Re: Invoking a method whose name is computed
by runrig (Abbot) on Oct 01, 2012 at 23:38 UTC
    Is there a more straightforward version? Besides the more obvious...

    No.

Re: Invoking a method whose name is computed
by tobyink (Abbot) on Oct 01, 2012 at 23:43 UTC

    Not really.

    You could potentially use Object::Tap...

    use 5.010; use Object::Tap -package => 'UNIVERSAL'; sub Foo::bar { say "Foo::bar"; } Foo->tap(join 'a', 'b', 'r');
    perl -E'sub Monkey::do{say$_,for@_,do{($monkey=[caller(0)]->[3])=~s{::}{ }and$monkey}}"Monkey say"->Monkey::do'
Re: Invoking a method whose name is computed
by AnomalousMonk (Abbot) on Oct 02, 2012 at 02:10 UTC
    Is there a more straightforward version?

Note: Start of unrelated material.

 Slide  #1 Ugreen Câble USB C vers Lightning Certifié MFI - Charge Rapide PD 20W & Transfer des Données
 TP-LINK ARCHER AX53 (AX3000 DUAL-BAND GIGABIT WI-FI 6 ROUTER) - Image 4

    I don't know if you will consider it more straightforward, but the  can() universal method can be used here (see The UNIVERSAL Class in perlobj). As the original example is a class method call, argument passing is, well, straightforward. Had it been an object method, the object reference would need to be passed explicitly as the first argument. (Update: See the reply of afoken for the correct way to invoke with class name or object reference.) Also be aware that if the method does not exist,  can() returns undef.

    >perl -wMstrict -le "use 5.014; ;; package Foo { sub bar_baz { print 'i am bar_bazing! ', @_; } } ;; my $x = 'baz'; Foo->can(qq{bar_$x})->('Hooray!'); " i am bar_bazing! Hooray!

      You invoke Foo::bar_baz as function, not as method. For a method call, the object / class name implicitly added by perl is missing, so you have to add it manually:

      Class->can("prefix_$name")->(Class,'first argument'); $object->can("prefix_$name")->($object,'first argument');

      Hardly DRY. I prefer "wasting" a variable for composed method names:

      my $method="prefix_$name"; Class->$method('first argument'); $object->$method('first argument');

      Alexander

      --
      Today I will gladly share my knowledge and experience, for there are no sweeter words than "I told you so". ;-)

        An advantage of the "wasted variable" (I prefer to think it is an "intelligently used variable") is that you can perform a little validation:

        my $object = bless {hi => 'hello'}; for my $suffix ('x', 'y') { my $method = $object->can("prefix_$suffix"); $object->$method() if $method; } sub prefix_x { my ($self) = @_; print "$self->{hi} world\n"; }

        Update: elaborate code to better show intent.

        True laziness is hard work

      A pretty good solution, but doesn't work for autoloaded methods unless the developer has been conscientious and overloaded can correctly.